Work and Retirement

Policy Backgrounders | Social Security

No. 162
Friday, November 03, 2006
by Liqun Liu and Andrew J. Rettenmaier


Updating Benefit Adjustments

If the normal and early retirement ages rise with increases in life expectancy, the age-specific adjustments in the Social Security benefit formula must also change to maintain the program's actuarial fairness.

"Adjustments to early and delayed retirement benefits could keep Social Security actuarially fair."

Benefits are actuarially fair, or equal, if they provide similar expected lifetime benefits regardless of the age at which workers start claiming them.22 The following discussion outlines changes already taking place under current law, which provides a model for how future benefit adjustments could be structured to keep pace with the new normal and early retirement ages discussed in the previous section.

Benefit Changes under Current Law. Beyond the normal retirement age, benefits are increased for every year an individual delays claiming Social Security. Payments are reduced for individuals who claim benefits before reaching normal retirement age. For example, if people who turn 62 this year start claiming benefits on their 62nd birthday, they will receive a monthly check equal to 75 percent of their full benefits.23 If they wait until age 66, they will receive the full 100 percent of their benefits.
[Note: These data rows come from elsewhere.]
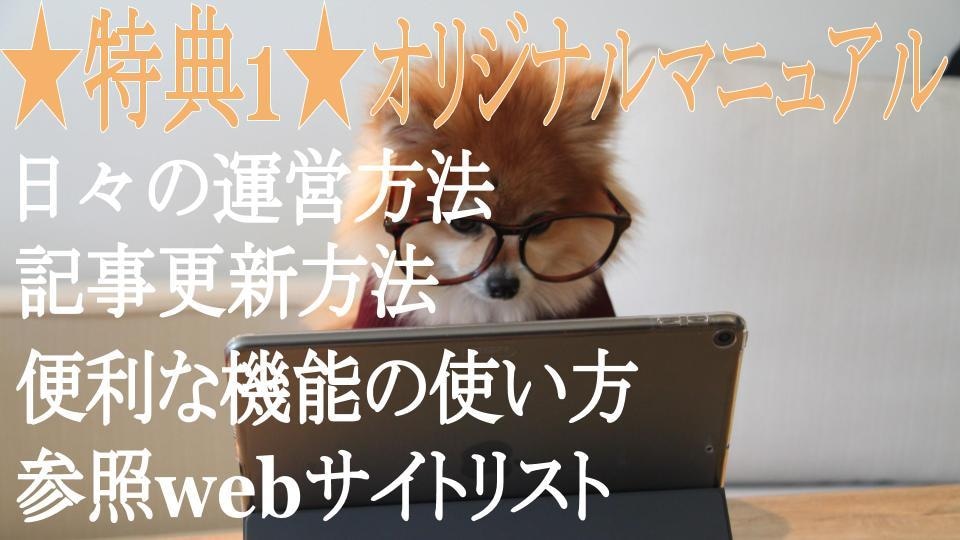 シェア60%以上！ワードプレスでHP制作代行します 開始記念3名限定特価！マニュアル＆キーワードリスト進呈！ イメージ3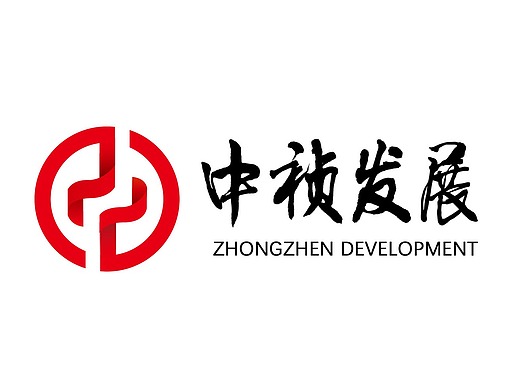中字logo设计金融证券基金logo设计红色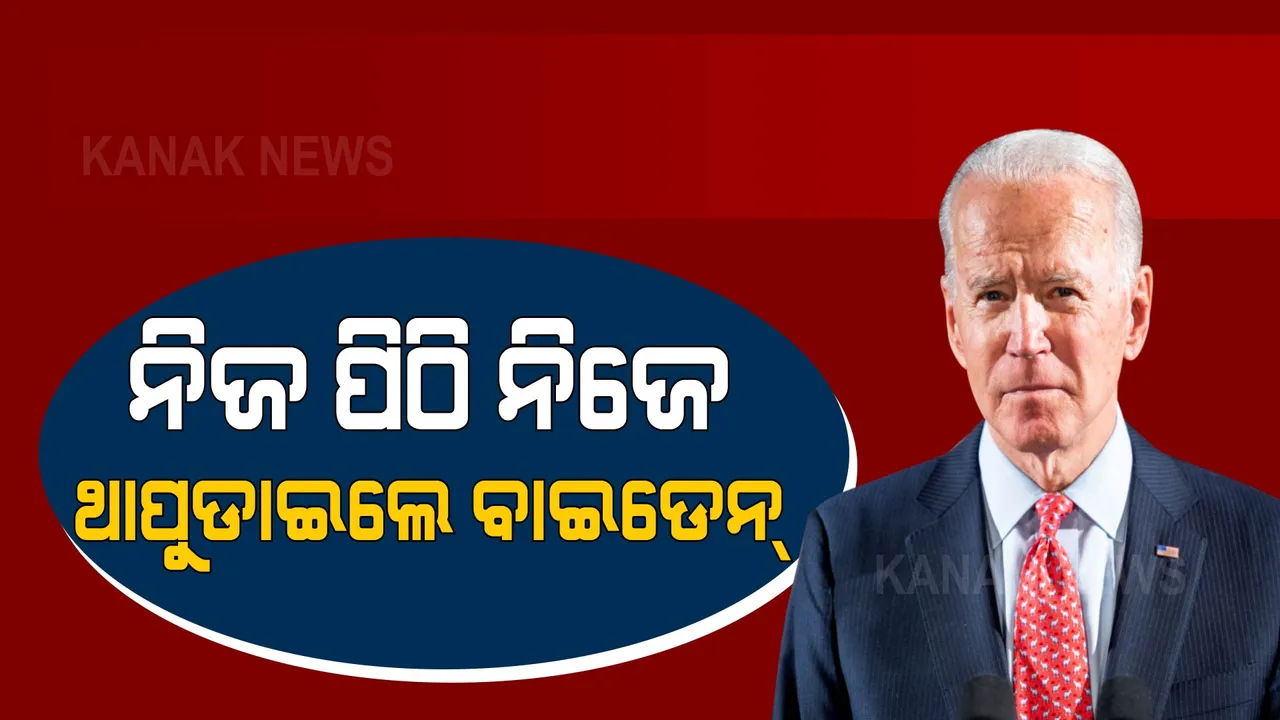  କାହିଁକି ଆଫଗାନ୍ ଛାଡ଼ିବା ଜରୁରୀ ଥିଲା? ସଫେଇ ଦେଲେ ବାଇଡେନ । କ’ଣ କହିଲେ, ପଢ଼ନ୍ତୁ...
And if they wait until 70 (or later) to claim benefits, they will receive 132 percent of their full benefits - a 32 percent bonus.24

There is disagreement about whether the current rates at which Social Security benefits are reduced or enhanced are actuarially fair.25 If the adjustments yield lower expected lifetime benefits for delaying retirement, they may encourage retirees to claim benefits early, and if they yield higher expected lifetime benefits for delaying retirement, they may encourage workers to work beyond the normal retirement age.

The 1983 reforms are gradually changing the normal retirement age and the adjustments for early and delayed retirement.26 [See the sidebar: "Actuarial Fairness under Current Law."] Figure VII demonstrates the effects of these changes:

  • Benefits for individuals born in 1924 to 1937 are adjusted at the same rate before the normal retirement age of 65, but diverge above it.
  • The reward for delayed retirement rises from 3 percent per year for those born in 1924 to 6.5 percent for those born in 1937.
  • The bonus for each year of delayed retirement after the normal retirement age will rise to 8 percent for individuals born after 1942.27

"The bonus for delayed retirement is increasing."

The horizontal shifts in the delayed retirement schedules illustrate the effects of raising the normal retirement age - ultimately to 67 for individuals born in 1960 and later.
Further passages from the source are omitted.